Activity:
Write out each line below precisely, passing over the pictures.

── Collected material ──

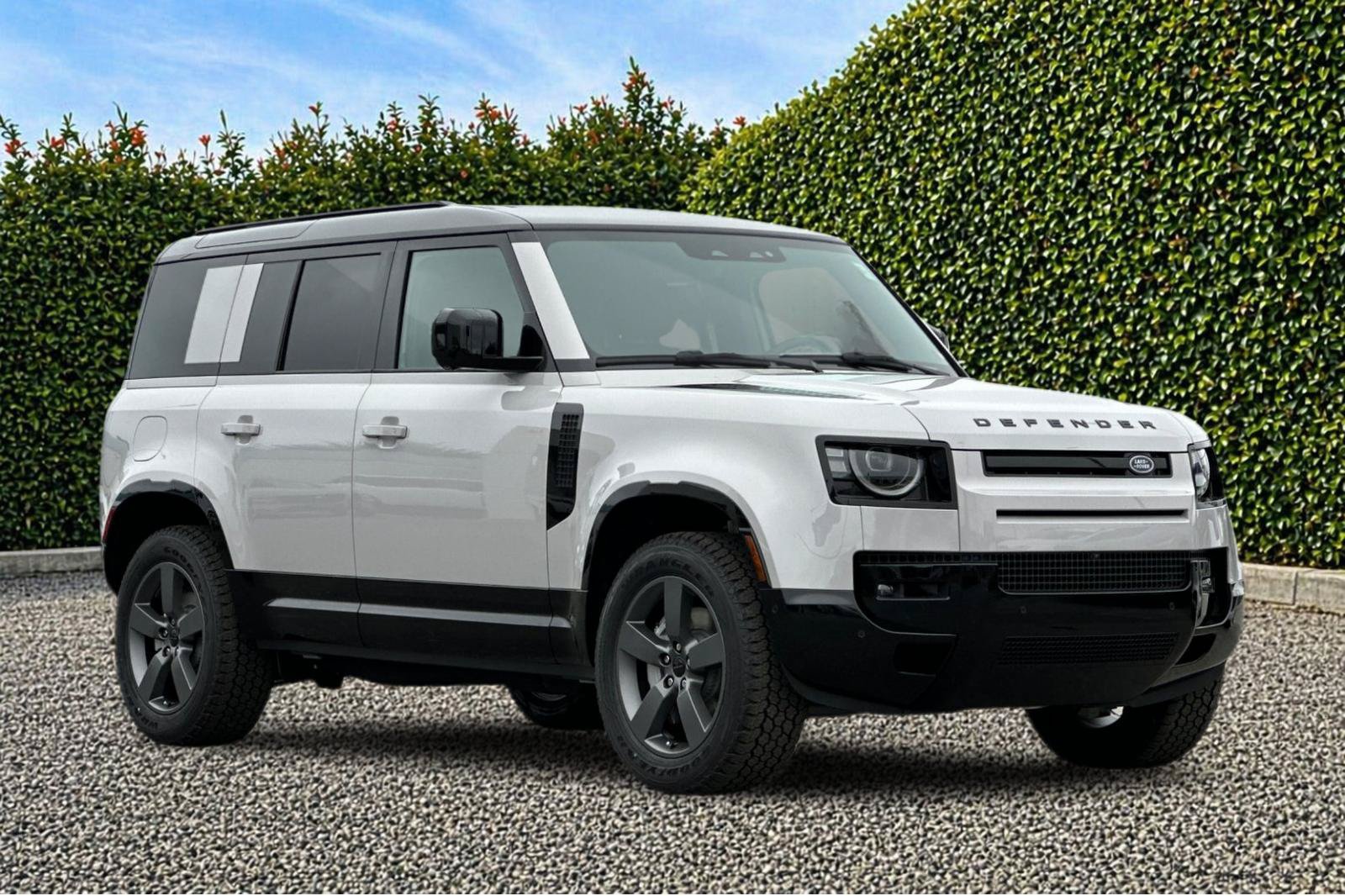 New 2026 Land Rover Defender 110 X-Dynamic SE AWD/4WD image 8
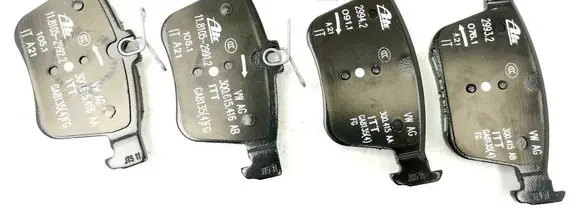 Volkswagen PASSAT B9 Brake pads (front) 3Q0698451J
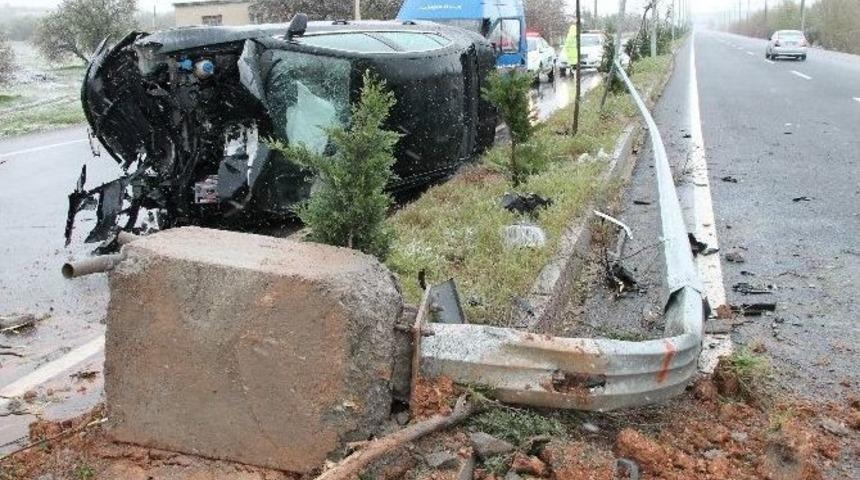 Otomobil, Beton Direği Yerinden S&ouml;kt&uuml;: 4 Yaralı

───

Finished task:
 New 2026 Land Rover Defender 110 X-Dynamic SE AWD/4WD image 8
 Volkswagen PASSAT B9 Brake pads (front) 3Q0698451J
 Otomobil, Beton Direği Yerinden S&ouml;kt&uuml;: 4 Yaralı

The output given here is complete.